#### WHAT THE TASK ASKS:
Set down exactly the lines below, starting at the one that contains "In Image 33, HCM" and ending at the one that contains "And then it", with both of those lines included and nothing else.

#### Saved data entries:
· · · · · · ·

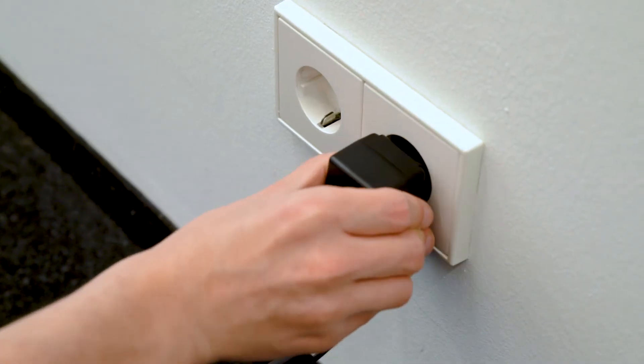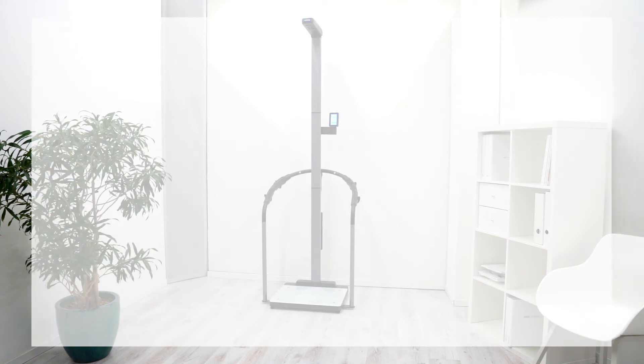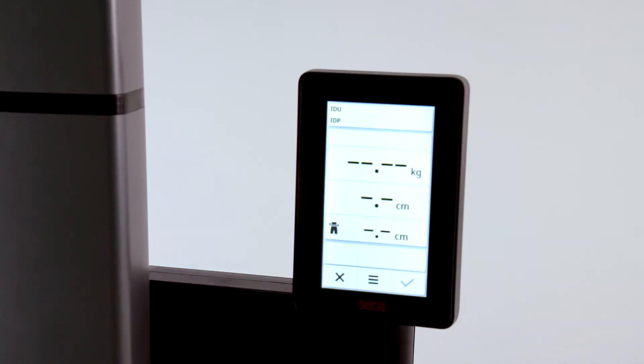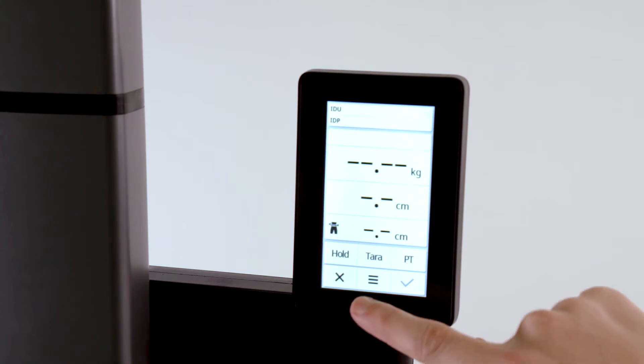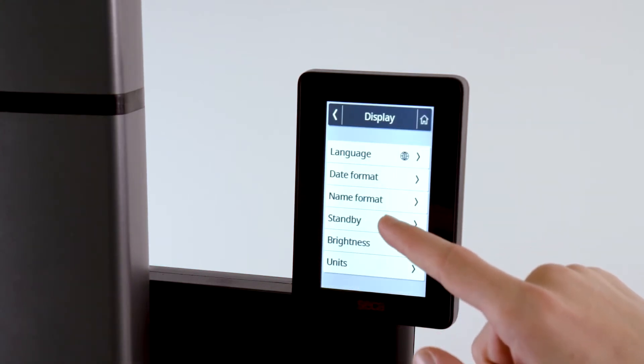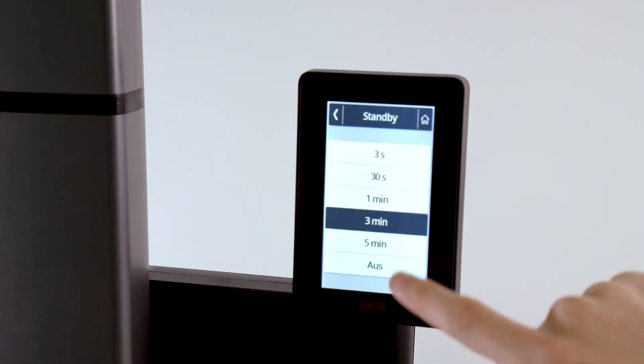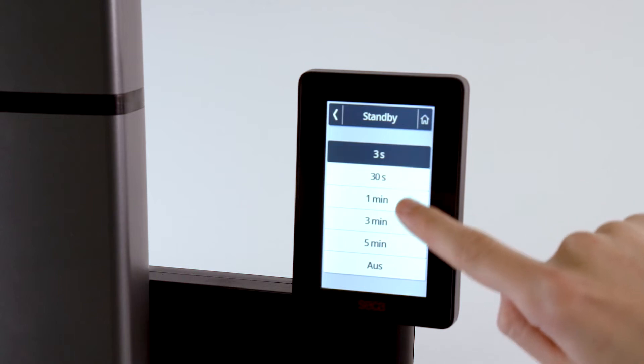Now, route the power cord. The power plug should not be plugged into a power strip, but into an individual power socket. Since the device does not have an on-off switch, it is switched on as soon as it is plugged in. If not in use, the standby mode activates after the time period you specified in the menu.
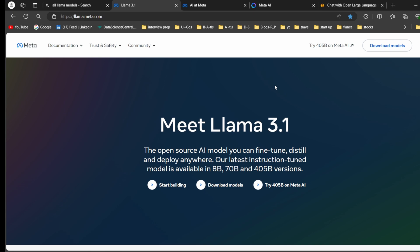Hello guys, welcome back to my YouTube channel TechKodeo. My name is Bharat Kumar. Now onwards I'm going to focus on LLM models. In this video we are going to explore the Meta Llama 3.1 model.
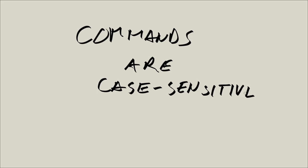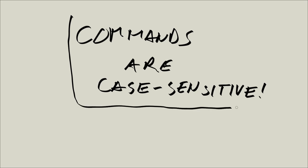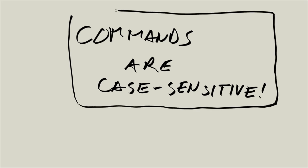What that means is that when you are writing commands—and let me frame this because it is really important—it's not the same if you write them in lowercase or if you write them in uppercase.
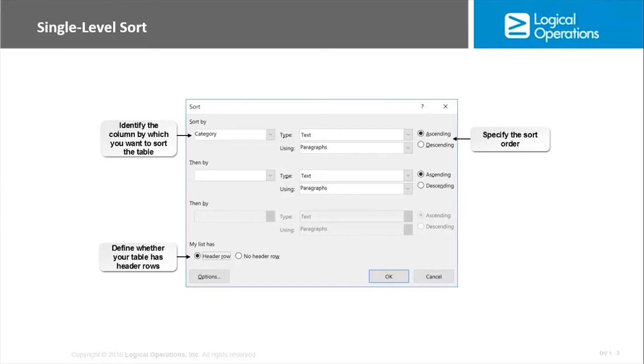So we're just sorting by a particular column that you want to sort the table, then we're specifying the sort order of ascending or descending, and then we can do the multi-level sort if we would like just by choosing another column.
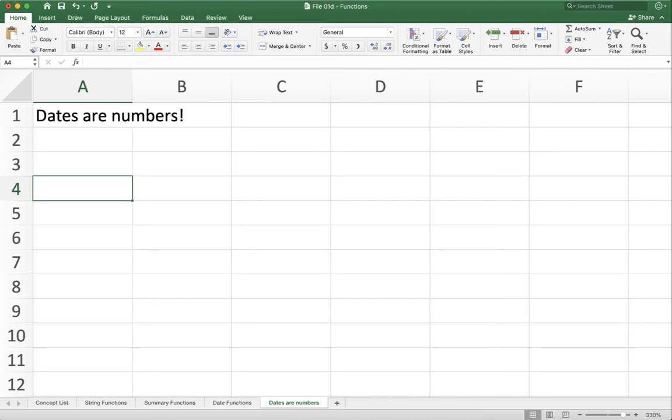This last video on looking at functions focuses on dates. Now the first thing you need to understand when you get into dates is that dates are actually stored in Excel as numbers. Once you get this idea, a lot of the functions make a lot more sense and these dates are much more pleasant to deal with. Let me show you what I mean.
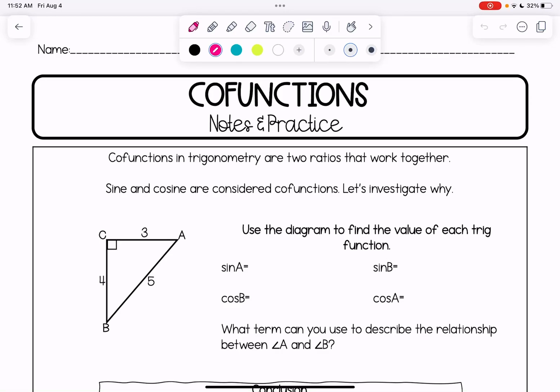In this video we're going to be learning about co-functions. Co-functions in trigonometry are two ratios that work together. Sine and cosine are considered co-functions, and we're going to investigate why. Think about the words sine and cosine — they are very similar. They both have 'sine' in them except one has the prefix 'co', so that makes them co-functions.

· · · · · · ·

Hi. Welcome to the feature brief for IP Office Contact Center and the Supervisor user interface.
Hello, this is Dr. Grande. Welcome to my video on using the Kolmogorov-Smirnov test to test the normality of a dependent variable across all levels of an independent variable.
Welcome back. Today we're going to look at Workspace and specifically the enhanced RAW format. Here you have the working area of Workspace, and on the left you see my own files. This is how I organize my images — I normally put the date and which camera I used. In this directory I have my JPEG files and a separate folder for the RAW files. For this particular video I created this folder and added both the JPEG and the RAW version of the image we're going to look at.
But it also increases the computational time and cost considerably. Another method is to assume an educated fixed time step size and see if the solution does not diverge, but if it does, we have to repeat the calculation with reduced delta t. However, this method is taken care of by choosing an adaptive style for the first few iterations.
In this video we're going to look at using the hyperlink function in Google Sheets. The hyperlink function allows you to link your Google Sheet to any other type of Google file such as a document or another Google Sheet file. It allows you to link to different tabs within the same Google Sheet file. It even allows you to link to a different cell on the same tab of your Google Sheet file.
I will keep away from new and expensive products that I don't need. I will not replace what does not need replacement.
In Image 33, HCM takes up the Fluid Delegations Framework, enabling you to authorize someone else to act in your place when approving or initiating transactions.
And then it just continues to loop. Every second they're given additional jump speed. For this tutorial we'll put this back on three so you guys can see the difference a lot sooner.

· · · · · · ·

#### OUTPUT OF THE EXERCISE:
In Image 33, HCM takes up the Fluid Delegations Framework, enabling you to authorize someone else to act in your place when approving or initiating transactions.
And then it just continues to loop. Every second they're given additional jump speed. For this tutorial we'll put this back on three so you guys can see the difference a lot sooner.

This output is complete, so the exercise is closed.